Victor Godet comments on Introspection via localization

Victor Godet 30 Dec 2025 0:35 UTC
5 points
0
The concept vectors are randomly sampled from 50 contrastive pairs and in a trial we inject the same concept vector in each of the five sentences (randomly sampled among 100 sentences) to make five predictions. So if a concept is systematically biased toward a particular sentence number, that would produce low accuracy since it would give the wrong answer ⁴⁄₅ of the time. The experiment is designed so that only true introspection (in the sense of being sensitive to the internal activations) can lead to above chance accuracy.
- Linda Linsefors 7 Jan 2026 12:28 UTC
  2 points
  0
  Parent
  I think piotrm’s question/consern was if there is an injection that just taggs the sentence it’s injected into as the correct sentence, no mather the question. One way to test this is to ask a diffrent question and see if this effects the resut.
  
  A related thing I’d be interested in is weather or not some injecions where easier to localise, and what these injections where. And also how the strenght of the injection effects the localisation success.

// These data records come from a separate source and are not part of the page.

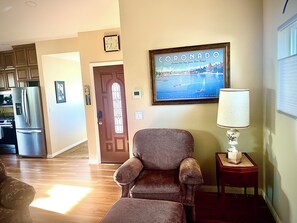A living room with a patterned armchair, a framed picture of Coronado, a clock, and a lamp on a side table. - Lakeside Escape: King Bed, 2 Lakes, 2 Reservoirs, & 30 min.to Beach / San Diego (Lakeside)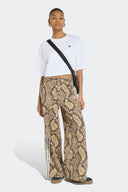 ADIDAS JEAN LOOSE SNAKE - MUJER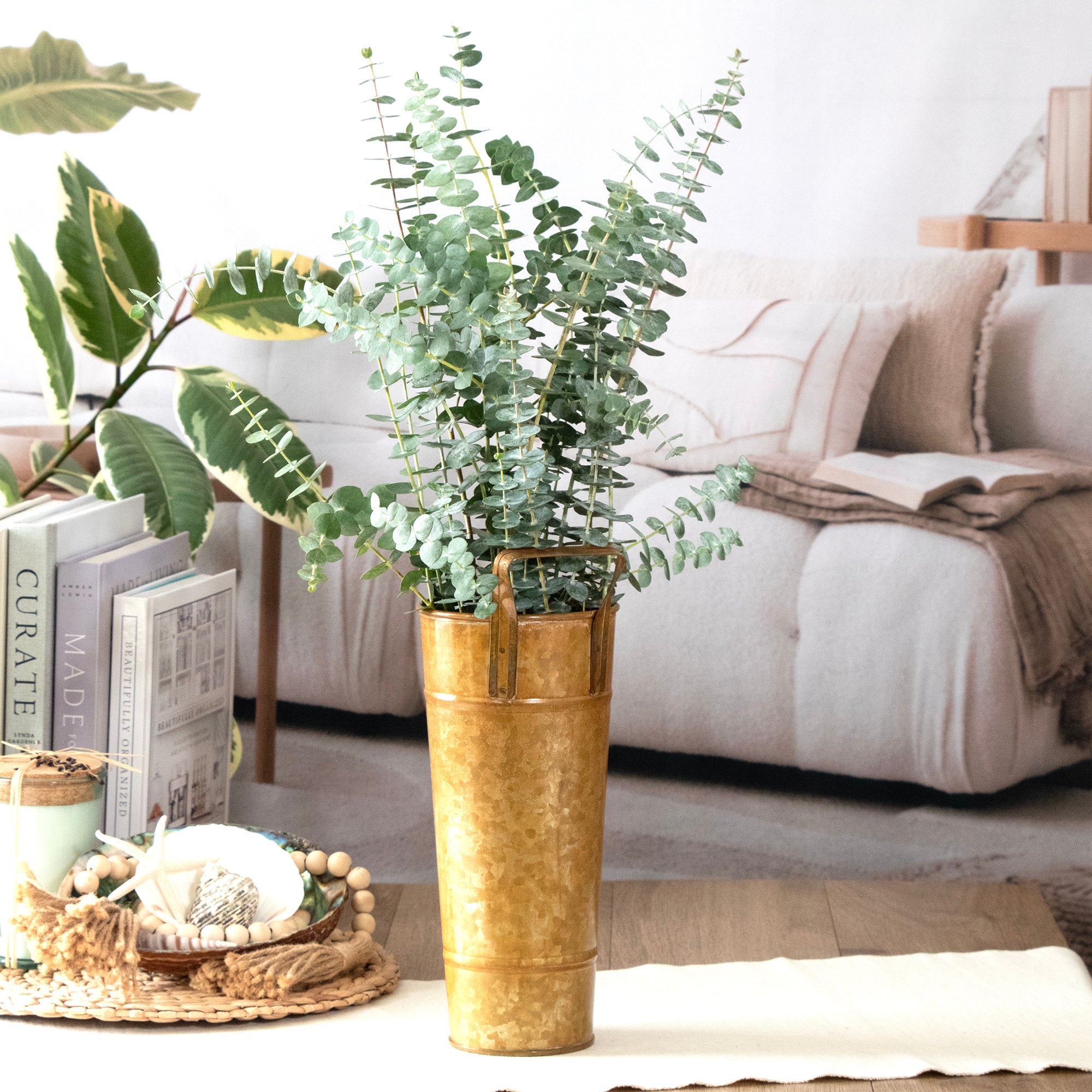Gold vase with greenery on a coffee table in a living room setting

  - Victor Godet 8 Jan 2026 23:47 UTC
    3 points
    0
    Parent
    I just tried a few control experiments with the same exact protocol but changing the question to “Which sentence do you prefer?” and I get chance accuracy. So this should address the concern you mention. About how the injection strength affects localization: accuracy starts at chance level and increases with injection strength until it reaches a maximal value before dropping at higher strengths. On which concepts are easier to localize, my expectation is that it shouldn’t matter much although I haven’t tried systematically, but for example I would expect random vectors to work similarly.